▼

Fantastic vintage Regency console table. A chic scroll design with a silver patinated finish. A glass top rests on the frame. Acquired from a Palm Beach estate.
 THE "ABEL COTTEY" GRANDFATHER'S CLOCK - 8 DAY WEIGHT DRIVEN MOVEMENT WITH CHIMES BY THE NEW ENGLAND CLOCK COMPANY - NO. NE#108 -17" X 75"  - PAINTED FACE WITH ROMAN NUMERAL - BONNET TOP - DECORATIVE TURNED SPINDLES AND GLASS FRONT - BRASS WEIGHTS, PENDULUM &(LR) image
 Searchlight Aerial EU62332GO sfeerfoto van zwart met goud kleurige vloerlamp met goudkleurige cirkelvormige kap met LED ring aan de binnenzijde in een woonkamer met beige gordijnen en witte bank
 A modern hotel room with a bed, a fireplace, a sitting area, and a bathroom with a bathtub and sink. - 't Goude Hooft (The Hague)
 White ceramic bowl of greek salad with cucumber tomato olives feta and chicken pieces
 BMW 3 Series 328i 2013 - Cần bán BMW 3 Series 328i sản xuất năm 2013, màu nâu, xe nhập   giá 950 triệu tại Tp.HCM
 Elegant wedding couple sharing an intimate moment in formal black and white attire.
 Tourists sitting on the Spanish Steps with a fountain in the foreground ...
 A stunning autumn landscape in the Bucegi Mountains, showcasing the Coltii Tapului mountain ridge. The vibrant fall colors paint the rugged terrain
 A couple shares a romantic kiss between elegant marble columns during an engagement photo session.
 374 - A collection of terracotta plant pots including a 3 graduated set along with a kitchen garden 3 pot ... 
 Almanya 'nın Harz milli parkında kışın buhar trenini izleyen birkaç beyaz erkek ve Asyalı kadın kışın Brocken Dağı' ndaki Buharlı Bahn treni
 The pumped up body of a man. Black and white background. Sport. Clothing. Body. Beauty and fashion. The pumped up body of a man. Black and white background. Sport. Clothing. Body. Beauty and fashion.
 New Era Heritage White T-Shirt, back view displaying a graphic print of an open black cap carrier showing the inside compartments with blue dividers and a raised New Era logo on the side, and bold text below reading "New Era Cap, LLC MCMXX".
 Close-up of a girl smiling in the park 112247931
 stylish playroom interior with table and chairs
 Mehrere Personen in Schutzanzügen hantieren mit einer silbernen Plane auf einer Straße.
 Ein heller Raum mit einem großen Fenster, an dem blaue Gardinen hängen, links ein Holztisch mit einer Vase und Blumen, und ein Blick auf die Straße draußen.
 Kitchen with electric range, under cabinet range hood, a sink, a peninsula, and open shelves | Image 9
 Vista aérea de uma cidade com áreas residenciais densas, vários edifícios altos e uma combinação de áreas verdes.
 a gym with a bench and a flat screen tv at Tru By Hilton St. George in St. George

▲

● What to produce: Count the lines of the material above that contain "einer"; your reply is that number and no more.

● Expected answer: 2